- _Task directions_
Search the entries for the word "Metal". Copy every line that holds it.

- _Recorded data_

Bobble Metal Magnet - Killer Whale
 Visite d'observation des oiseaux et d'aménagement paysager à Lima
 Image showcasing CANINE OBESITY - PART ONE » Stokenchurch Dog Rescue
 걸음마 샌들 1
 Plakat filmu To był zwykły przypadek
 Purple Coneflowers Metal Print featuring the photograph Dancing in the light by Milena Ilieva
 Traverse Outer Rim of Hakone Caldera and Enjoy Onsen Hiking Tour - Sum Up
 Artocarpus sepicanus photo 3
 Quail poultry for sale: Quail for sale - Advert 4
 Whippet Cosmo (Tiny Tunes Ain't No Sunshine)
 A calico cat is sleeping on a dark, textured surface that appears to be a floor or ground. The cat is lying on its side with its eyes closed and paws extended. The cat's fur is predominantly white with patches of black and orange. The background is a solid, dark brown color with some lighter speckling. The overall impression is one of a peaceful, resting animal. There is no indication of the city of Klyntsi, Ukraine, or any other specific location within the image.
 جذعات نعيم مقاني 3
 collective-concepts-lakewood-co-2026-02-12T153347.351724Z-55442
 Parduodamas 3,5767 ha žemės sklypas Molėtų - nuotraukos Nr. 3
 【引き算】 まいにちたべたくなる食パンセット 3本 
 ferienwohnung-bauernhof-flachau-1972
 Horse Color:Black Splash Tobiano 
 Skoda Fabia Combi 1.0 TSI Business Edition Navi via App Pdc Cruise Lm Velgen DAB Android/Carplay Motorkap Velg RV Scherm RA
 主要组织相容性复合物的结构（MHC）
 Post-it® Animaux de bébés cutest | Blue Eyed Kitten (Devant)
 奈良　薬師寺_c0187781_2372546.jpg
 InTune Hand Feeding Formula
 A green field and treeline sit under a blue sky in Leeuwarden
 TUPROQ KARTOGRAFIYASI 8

- _Solution for this task_
Bobble Metal Magnet - Killer Whale
 Purple Coneflowers Metal Print featuring the photograph Dancing in the light by Milena Ilieva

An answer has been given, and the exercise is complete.